We already know that the amount of quantum information needed to describe any given system is less than the amount of classical information required for a thermodynamic description. This is attractive to computational modellers, who are always seeking elegant shortcuts to speed their calculations. But it can lose any sense of direction in time, challenging our ideas on our measurement or perception of that direction.[5] And that brings us back to one of the central conundrums of quantum mechanics, the role of the conscious observer in determining the outcome of any experiment, along with its accompanying paradoxes such as Schrödinger's cat and Wigner's friend.

Psychic retrocausality

Where there is a quantum experiment, there is a conscious observer, and where there is such an observer, there is a mind built of quantum interactions. Might retrocausality occur in such a context?

Precognition, as postulated in theories of parapsychology, is an example of retrocausality at the macroscopic level. No psychic phenomenon of any kind has yet been reliably demonstrated to mainstream satisfaction. But then, as I have come to discover, most have not been reliably falsified either. Sceptical investigators have been every bit as guilty of bad science as the proponents. The scientific case is not as closed, either way, as many would have us think.

If quantum effects can indeed travel backwards in time and carry symbolic information with them (which is still debatable), and if brain physiology relies on quantum effects for its function (which it does) then technically this might leave open the door to retrocausal mental phenomena such as precognition. In particular, JW Dunne theorised that precognition references one's own future experiences rather than any external event. Such a model at least confines the phenomenon within a single human brain and thus avoids the need for arbitrary actions-at-a-distance, rendering any conceivable mechanism that much simpler and less implausible.[6] Other potentially retrocausal psi phenomena which inherently extend beyond the brain, such as clairvoyance and prophecy, would require far wider manifestations of quantum weirdness and are to that extent far less plausible.

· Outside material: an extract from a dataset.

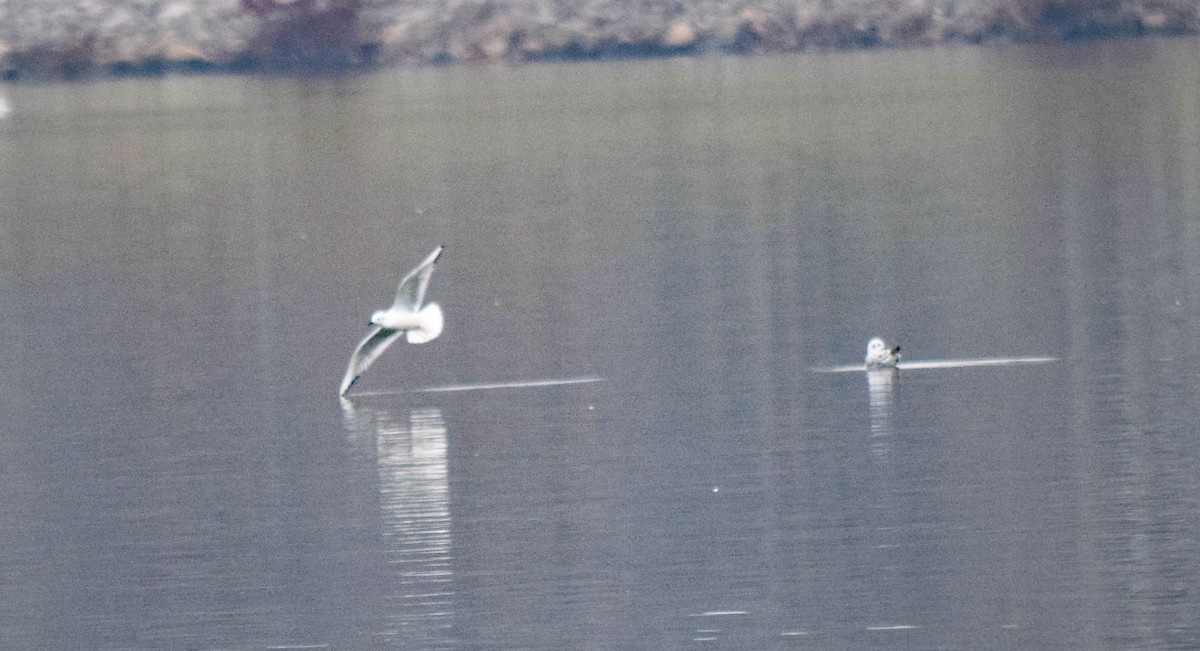 racek Bonapartův - ML646288627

We are still a long way from a useful theory of quantum retrocausality, or of reconciling it with information theory. We are even further from any hope of discovering it at work in a conscious brain. A further caveat, if one were needed, is that so far related weirdness effects have been identified only in a limited number of well known, if incompletely understood, physiological phenomena such as ion channels across nerve synapses. Attempts to provide quantum-weird paradigms for unexplained aspects of the mind, such as memory, have so far proved untenable. In the main they seem to have been ill-conceived, with their proponents apparently lacking sufficient appreciation of quantum theory or neurology or both. The implication of microtubules in particular has given the field a bad name.

Expanding the influence of quantum weirdness to demonstrate precognition would be an enormous step. How likely it might be must depend on one's personal point of view. Nevertheless, its presence in the brain at an inter-molecular level perhaps lowers the credibility barrier a little to the idea that, as the field of quantum causality develops, its recognition of temporal retrocausality might allow modern physics to remain consistent with precognition.

Notes

1.   Viatko Vedral; "Law and Disorder", New Scientist, 7 April 2018, pp.32-35.

2.   Adam Becker; "Blast from the Future", New Scientist, 17 February 2018, pp.28-31.

3.   Kelly Oakes; "When causality Breaks", New Scientist, 18 January 2020, pp.34-7.

4.   Zych, M., Costa, F., Pikovski, I. and Brukner, C.; "Bell’s Theorem for Temporal Order", Nature Communications, 10, 3772, 2019. DOI 10.1038/s41467-019-11579-x

5.   Leah Crane; "Quantum Thinking Can Ignore the Flow of Time", New Scientist, 28 July 2018, p.7.

6.   JW Dunne; An Experiment with Time; AC Black, 1927 (many later editions).